An ancient tomb dating back to the Ptolemaic period was discovered on Sunday during excavation work in the Sidi Gaber district of Alexandria, Mostafa Waziri, general secretary of the Supreme Council of Antiquities, announced in a press release.
The tomb was found at the hands of an Egyptian archaeological mission, that previously carried out the excavation work for the footing of a new building in Al-Karamili.
Waziri described the tomb as “the largest to be discovered in Alexandria so far, with a height of 185 cm, length 265 cm, and width of 165 cm.” An alabaster head, believed to be the owner of the tomb, was found nearby.
A black granite sarcophagus was found inside the tomb, which was discovered only five metres underground.
The mission found a layer of mortar between the lid and the body of the sarcophagus, “which had not been opened since it was closed in antiquity,” said Ayman Ashmawy, head of the Ancient Egyptian Antiquities sector.
The Ministry of Antiquities also announced on Sunday the discovery of a bronze statue of the god Osiris, on the eastern side of the King Djoser step pyramid in Saqqara.

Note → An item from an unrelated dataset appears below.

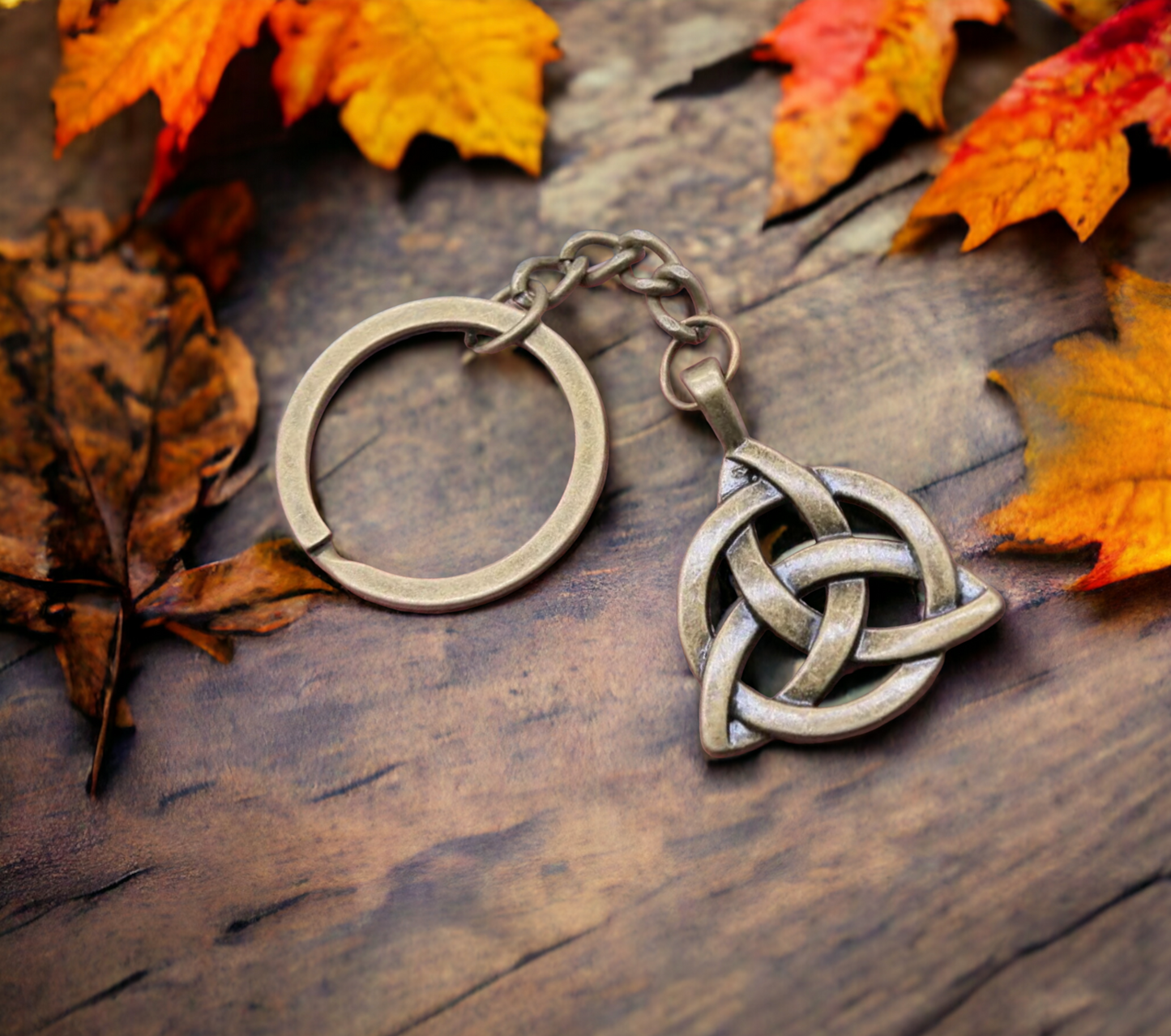 Porte-clés pendentif Celtique Triquetra Talisman de Protection Cadeau de Sorcellerie Païenne Wicca Bijoux Wicca fait à la main Idéal Cadeau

The statue was found during the restoration work at the site.
Waziri stated that it was found inside a small narrow crack among the front giant limestone blocks of the pyramid.
The statue features Osiris standing and holding a feather in one hand and a sceptre in the other, while wearing a double mask on his head.
The statue is 63 cm in height and 15 cm wide.
Sabri Farag, head of the Saqqara archaeological site, said in a press release that the statue probably dates to the Egypt’s Late Period (circa 664-332 BC). He added that the statue was probably kept in there by a priest who wanted to save it. The statue will be under renovation in Saqqara.